# [Problem statement]
The listing is to be returned word for word, without its images.

# [Provided material]
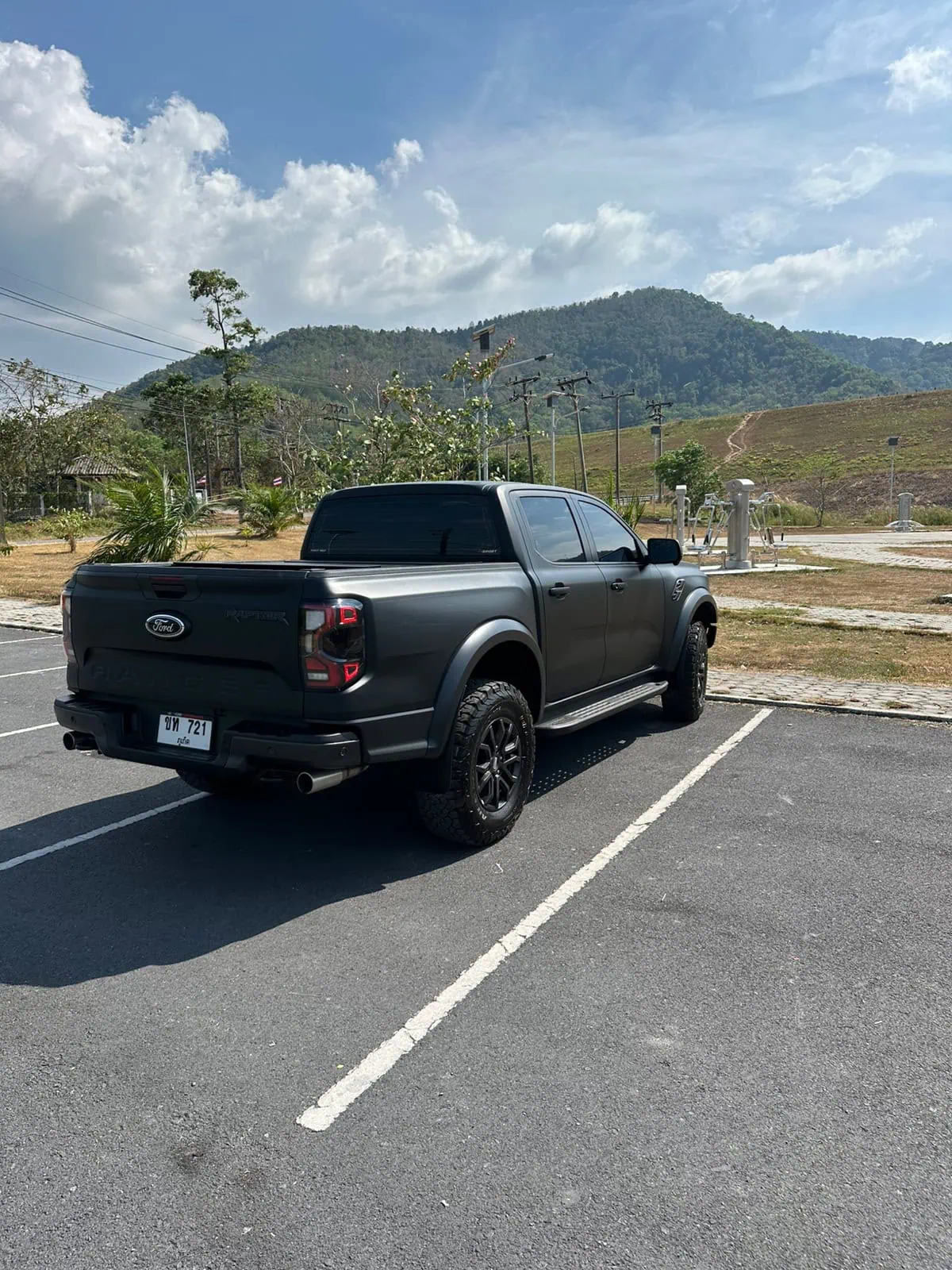 Ford Ranger Raptor (2024) — thumbnail 7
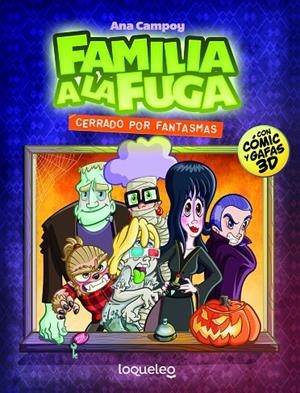 CERRADO POR FANTASMAS | 9788491221944 | CAMPOY, ANA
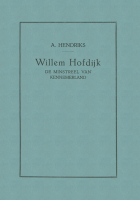 Willem Hofdyk, de minstreel van Kennemerland, Adriaan Hendriks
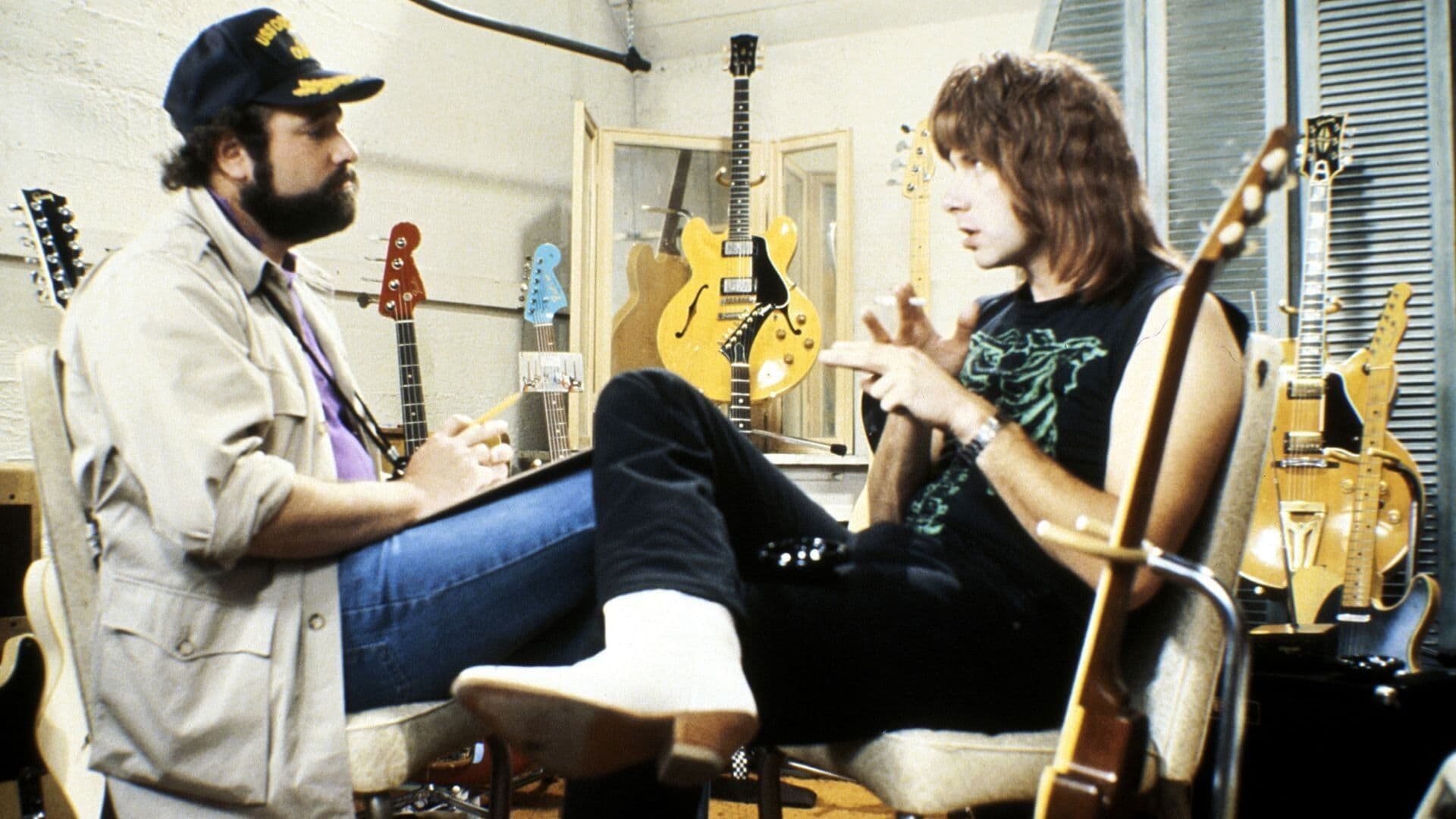 Это — Spinal Tap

# [Finished task]
 Ford Ranger Raptor (2024) — thumbnail 7
 CERRADO POR FANTASMAS | 9788491221944 | CAMPOY, ANA
 Willem Hofdyk, de minstreel van Kennemerland, Adriaan Hendriks
 Это — Spinal Tap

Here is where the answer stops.